Extracted data entries:
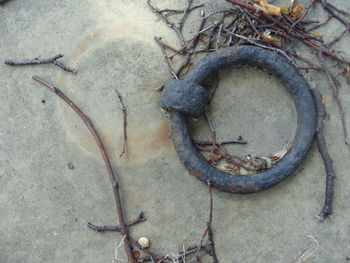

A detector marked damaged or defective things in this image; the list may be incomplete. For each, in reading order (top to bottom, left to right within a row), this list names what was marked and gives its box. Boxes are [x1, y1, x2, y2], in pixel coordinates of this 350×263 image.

corroded metal loop [161, 79, 208, 117]
rusty metal ring [162, 45, 318, 194]
corroded metal loop [162, 46, 318, 194]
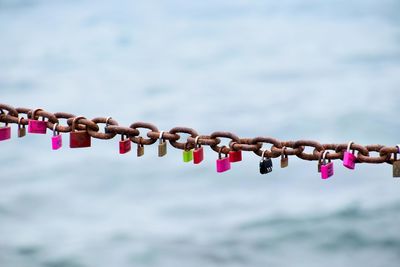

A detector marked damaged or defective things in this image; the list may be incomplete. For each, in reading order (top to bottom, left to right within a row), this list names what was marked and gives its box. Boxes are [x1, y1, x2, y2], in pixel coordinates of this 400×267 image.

rusted metal surface [0, 102, 398, 165]
rusty chain [0, 103, 398, 166]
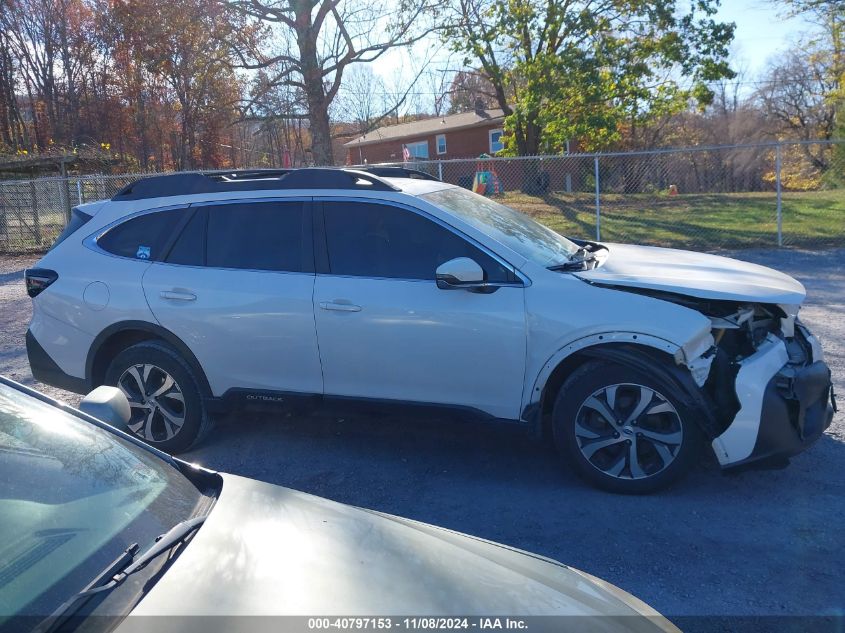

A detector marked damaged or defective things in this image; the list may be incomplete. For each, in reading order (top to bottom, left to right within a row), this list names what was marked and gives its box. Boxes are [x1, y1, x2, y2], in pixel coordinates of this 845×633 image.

crumpled hood [572, 242, 804, 304]
damaged front end [628, 288, 836, 466]
front bumper damage [708, 326, 836, 470]
crumpled hood [123, 474, 672, 628]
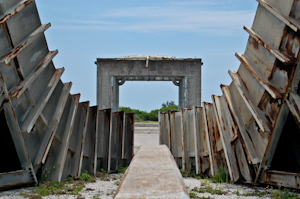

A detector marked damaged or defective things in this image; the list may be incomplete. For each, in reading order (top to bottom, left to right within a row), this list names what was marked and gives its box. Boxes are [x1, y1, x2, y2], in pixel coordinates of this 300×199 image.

rusted metal panel [81, 106, 97, 175]
rusted metal panel [108, 111, 124, 172]
rusted metal panel [262, 170, 300, 189]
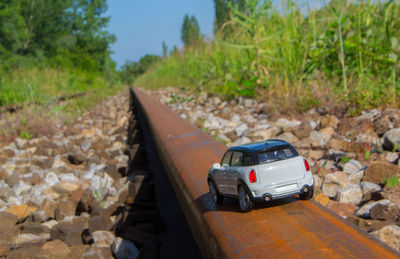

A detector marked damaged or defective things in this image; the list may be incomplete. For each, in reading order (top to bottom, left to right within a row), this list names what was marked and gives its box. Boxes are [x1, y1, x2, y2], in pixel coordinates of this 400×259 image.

rust on rail [133, 88, 398, 258]
rusty steel rail [132, 88, 400, 258]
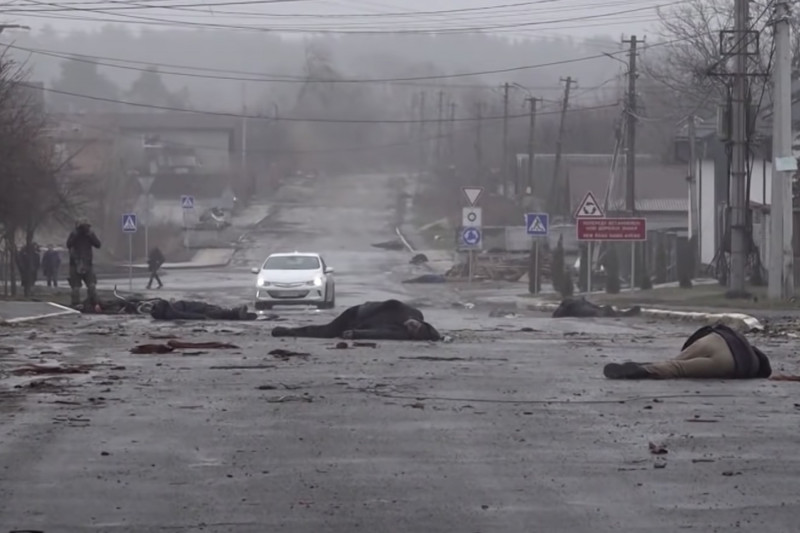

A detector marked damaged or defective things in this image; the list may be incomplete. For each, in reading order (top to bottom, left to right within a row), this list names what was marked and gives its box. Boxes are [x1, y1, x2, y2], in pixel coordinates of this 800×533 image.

Action item.
In the copy, include every record exactly and no pictures.

Solution to the problem.
A detector marked damaged or defective things in this image; the list may be incomplete. For each, in reading order (top to bottom, left to right within a row), this list names what was marked and gives its box. Boxes are [x1, y1, x2, y2], in pixel coordinates of this 350×263 image.

corroded metal loop [161, 79, 208, 117]
rusty metal ring [162, 45, 318, 194]
corroded metal loop [162, 46, 318, 194]

A detector marked damaged or defective things in this image; the list may be incomplete. For each, in reading order (top to bottom, left to right within a row), this list names what was marked and gives its box. Boxes are [x1, y1, x2, y2], in pixel coordinates of this 400×267 image.

rusted metal surface [0, 102, 398, 165]
rusty chain [0, 103, 398, 166]

A detector marked damaged or defective things in this image; the list may be incomplete. For each, in reading order (top to bottom, left to right within a row), this list names what was marked and gives its box. Boxes are [x1, y1, x2, y2], in pixel coordinates of this 845×633 image.

crumpled hood [572, 242, 804, 304]
damaged front end [628, 288, 836, 466]
front bumper damage [708, 326, 836, 470]
crumpled hood [123, 474, 672, 628]

A detector marked damaged or defective things in this image; the list may be incomplete. For each, in reading order (top to bottom, left to right within a row), this list names what was marked and gives its box. Boxes are [x1, y1, x2, y2], in pixel coordinates of this 300×199 image.

rusted metal panel [81, 106, 97, 175]
rusted metal panel [108, 111, 124, 172]
rusted metal panel [262, 170, 300, 189]

A detector marked damaged or defective things in this image; the list may be incomplete. For each, in reading order (top to bottom, left to right within a row), this list names what was marked and gives its box. Boxes are [x1, y1, x2, y2], in pixel coordinates of this 400×259 image.

rust on rail [133, 88, 398, 258]
rusty steel rail [132, 88, 400, 258]

A detector marked damaged or defective things in this image; the list may be incomplete. For each, in reading order (top to bottom, left to right within a row), this list names what was marked and gives its box. Boxes are [x1, y1, x2, y2], in pixel coordinates of this 800×533 image.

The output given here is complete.